Y lo más curioso es que esta costumbre no parece haber sido ni masiva ni pasajera. Aunque se conocen otros casos aislados de monos en contextos romanos —como uno hallado en Pompeya que murió durante la erupción del Vesubio—, ninguno se había asociado con esta escala de organización funeraria ni con un origen tan remoto. Los monos de Berenice no eran accidentes ni rarezas: eran parte de una cultura de la exhibición del estatus, donde incluso los animales eran utilizados para construir una narrativa de poder.
La presencia de estos animales y la forma en que fueron tratados en su muerte nos habla de una sensibilidad compleja hacia lo no humano, que va más allá de la utilidad o del entretenimiento. En su aparente exotismo, los monos de Berenice reflejan la universalidad de ciertos impulsos: el deseo de mostrar poder, la capacidad de establecer vínculos afectivos con otras especies, y la voluntad de honrarlos incluso después de la muerte.

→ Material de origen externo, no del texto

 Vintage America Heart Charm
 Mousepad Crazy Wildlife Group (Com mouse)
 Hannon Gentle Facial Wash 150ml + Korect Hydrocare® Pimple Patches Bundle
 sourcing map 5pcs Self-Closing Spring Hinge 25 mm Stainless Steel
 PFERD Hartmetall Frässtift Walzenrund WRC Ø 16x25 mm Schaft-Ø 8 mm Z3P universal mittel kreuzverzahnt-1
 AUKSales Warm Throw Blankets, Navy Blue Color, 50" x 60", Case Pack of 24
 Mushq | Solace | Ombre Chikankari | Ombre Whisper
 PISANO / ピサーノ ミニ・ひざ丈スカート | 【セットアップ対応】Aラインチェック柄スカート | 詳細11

Como señalan los autores, estos entierros no solo nos muestran un episodio pintoresco de la historia romana. Son, ante todo, una ventana a un mundo en el que el Imperio se proyectaba incluso en los detalles más íntimos, donde un centurión podía considerarse explorador del mundo exótico con solo pasear a su mono indio por las calles de un puerto en el Mar Rojo. Y quizás, en la mirada de ese primate adornado con conchas, se escondía un pequeño reflejo del sueño imperial de Roma: dominar lo lejano, hacerlo suyo y convertirlo en símbolo de gloria.